Bayern Munich have only played 13 Bundesliga fixtures this season, but they have scored four or more goals in half of them. Julian Nagelsmann’s team have claimed emphatic wins over Hertha Berlin (5-0), RB Leipzig (4-1), Bochum (7-0), Bayer Leverkusen (5-1), Hoffenheim (4-0) and Union Berlin (5-2), making them the top scorers (41 goals in 12 games) in the German top flight by some distance.
However, the points distance between the Bavarians in top spot and Borussia Dortmund in second place isn’t so great, with just one point separating the two rivals. Bayern Munich have been so dominant in so many matches that it feels somewhat surprising that they don’t have a bigger advantage at the top of the table.
For all that Bayern Munich have caught the eye with some of their attacking play, their defence has been vulnerable at times. This was certainly the case as the defending German champions suffered a 2-1 defeat to Augsburg and in the shock home loss to Eintracht Frankfurt in early October.
This has opened the door for Dortmund to mount an unlikely title challenge despite concerns over inconstancy at the Westfalenstadion. Marco Rose’s team are in the midst of a transition with Erling Haaland also sidelined through injury for the rest of the year, yet they are still hanging on to the coat tails of their fiercest rivals.
If the current pattern continues over the course of the full season, there will be a title race at the top of the Bundesliga for the first time in a number of years. The number of emphatic victories produced by Bayern Munich will only count for so much if they trip over their only feet every so often, as they have done with defeats to Eintracht Frankfurt and Augsburg.
And yet there remains a sense that Bayern Munich will accelerate away from the rest of the competition as they tend to do. Next month’s match against Borussia Dortmund will give them the chance to open up a wider gap at the top of the Bundesliga.

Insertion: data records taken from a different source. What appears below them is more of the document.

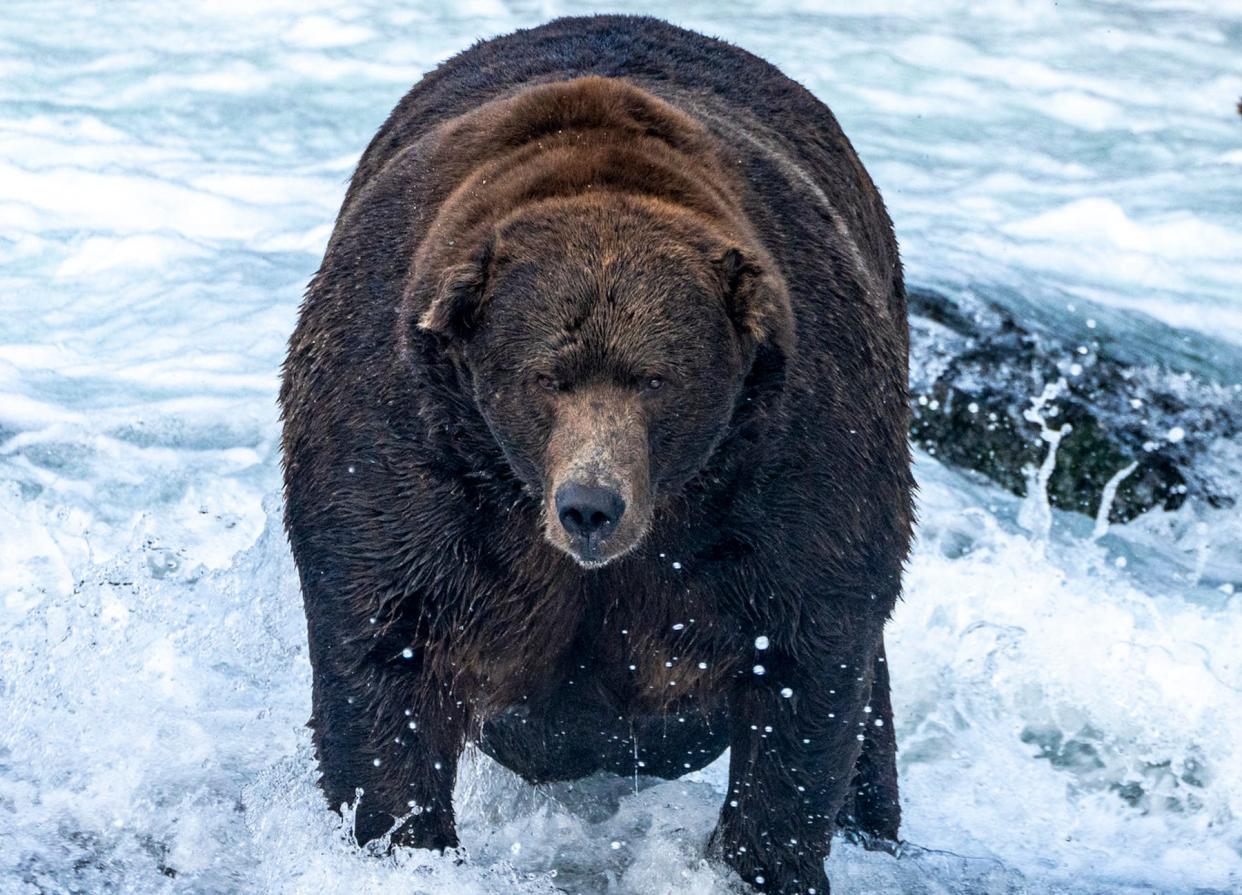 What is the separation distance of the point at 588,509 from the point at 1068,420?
5246 mm

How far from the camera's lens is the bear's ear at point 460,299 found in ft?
12.5

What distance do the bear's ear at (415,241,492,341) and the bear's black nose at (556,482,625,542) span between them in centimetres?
48

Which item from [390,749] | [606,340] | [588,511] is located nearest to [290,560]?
[390,749]

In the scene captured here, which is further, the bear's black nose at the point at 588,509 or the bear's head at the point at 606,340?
the bear's head at the point at 606,340

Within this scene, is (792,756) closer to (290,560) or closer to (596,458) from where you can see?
(596,458)

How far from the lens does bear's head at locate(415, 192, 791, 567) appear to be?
12.2 ft

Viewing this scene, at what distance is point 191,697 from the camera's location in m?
6.17

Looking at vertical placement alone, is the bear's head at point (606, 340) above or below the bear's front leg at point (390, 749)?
above

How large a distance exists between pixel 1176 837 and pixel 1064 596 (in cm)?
153

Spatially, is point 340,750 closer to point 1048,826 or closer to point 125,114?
point 1048,826

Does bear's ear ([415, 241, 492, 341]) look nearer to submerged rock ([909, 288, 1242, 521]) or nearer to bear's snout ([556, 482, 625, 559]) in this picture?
bear's snout ([556, 482, 625, 559])

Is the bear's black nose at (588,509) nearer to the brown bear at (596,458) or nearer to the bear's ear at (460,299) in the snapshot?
the brown bear at (596,458)

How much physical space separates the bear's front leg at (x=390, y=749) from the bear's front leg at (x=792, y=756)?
73cm

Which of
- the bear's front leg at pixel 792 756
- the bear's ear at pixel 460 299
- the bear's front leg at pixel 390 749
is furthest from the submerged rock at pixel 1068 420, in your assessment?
the bear's ear at pixel 460 299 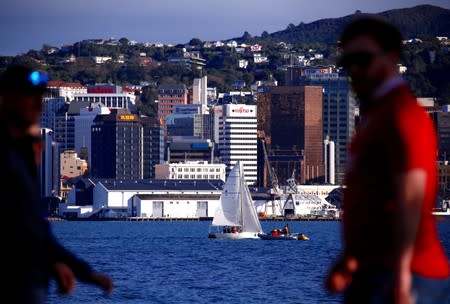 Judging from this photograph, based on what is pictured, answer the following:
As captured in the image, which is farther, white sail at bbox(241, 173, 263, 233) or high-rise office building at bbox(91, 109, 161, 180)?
high-rise office building at bbox(91, 109, 161, 180)

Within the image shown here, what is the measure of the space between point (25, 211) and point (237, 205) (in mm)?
64221

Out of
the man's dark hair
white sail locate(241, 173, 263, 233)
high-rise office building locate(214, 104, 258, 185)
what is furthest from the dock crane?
the man's dark hair

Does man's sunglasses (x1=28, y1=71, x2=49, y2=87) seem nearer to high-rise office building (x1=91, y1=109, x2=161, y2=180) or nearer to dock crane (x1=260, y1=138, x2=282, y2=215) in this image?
dock crane (x1=260, y1=138, x2=282, y2=215)

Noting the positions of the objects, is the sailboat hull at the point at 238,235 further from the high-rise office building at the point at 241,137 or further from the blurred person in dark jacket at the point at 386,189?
the high-rise office building at the point at 241,137

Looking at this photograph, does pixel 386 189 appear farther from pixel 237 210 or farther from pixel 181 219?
pixel 181 219

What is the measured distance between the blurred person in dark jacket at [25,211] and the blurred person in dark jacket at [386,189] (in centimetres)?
82

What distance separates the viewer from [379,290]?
171 inches

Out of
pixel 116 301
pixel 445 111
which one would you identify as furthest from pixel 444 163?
pixel 116 301

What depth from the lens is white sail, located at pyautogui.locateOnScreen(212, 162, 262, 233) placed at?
68.2 metres

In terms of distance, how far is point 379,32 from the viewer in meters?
4.53

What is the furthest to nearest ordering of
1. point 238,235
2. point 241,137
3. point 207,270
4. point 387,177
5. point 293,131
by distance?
1. point 293,131
2. point 241,137
3. point 238,235
4. point 207,270
5. point 387,177

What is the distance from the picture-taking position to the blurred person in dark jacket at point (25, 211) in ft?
14.4

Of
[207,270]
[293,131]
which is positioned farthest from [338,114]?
[207,270]

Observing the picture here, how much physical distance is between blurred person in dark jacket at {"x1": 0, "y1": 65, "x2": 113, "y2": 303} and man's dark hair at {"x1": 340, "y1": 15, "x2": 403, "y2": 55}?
0.93m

Defeat, however, would raise some questions about Nagelsmann’s side.
As recently as last month, there was a debate within German soccer over the damage Bayern Munich’s dominance was doing to the Bundesliga. A top-of-the-table clash between the Bavarians and Bayer Leverkusen resulted in the defending champions scoring five, making a mockery of the idea that the title could end up anywhere other than the Allianz Arena this season.
With RB Leipzig in a fallow year following the departure of Nagelsmann at the end of last season and Rose still getting his feet under the desk at Dortmund, it seemed unlikely that Bayern Munich would be challenged for a 10th straight Bundesliga title. They remain the favourites, but there have been some cracks in their recent performances.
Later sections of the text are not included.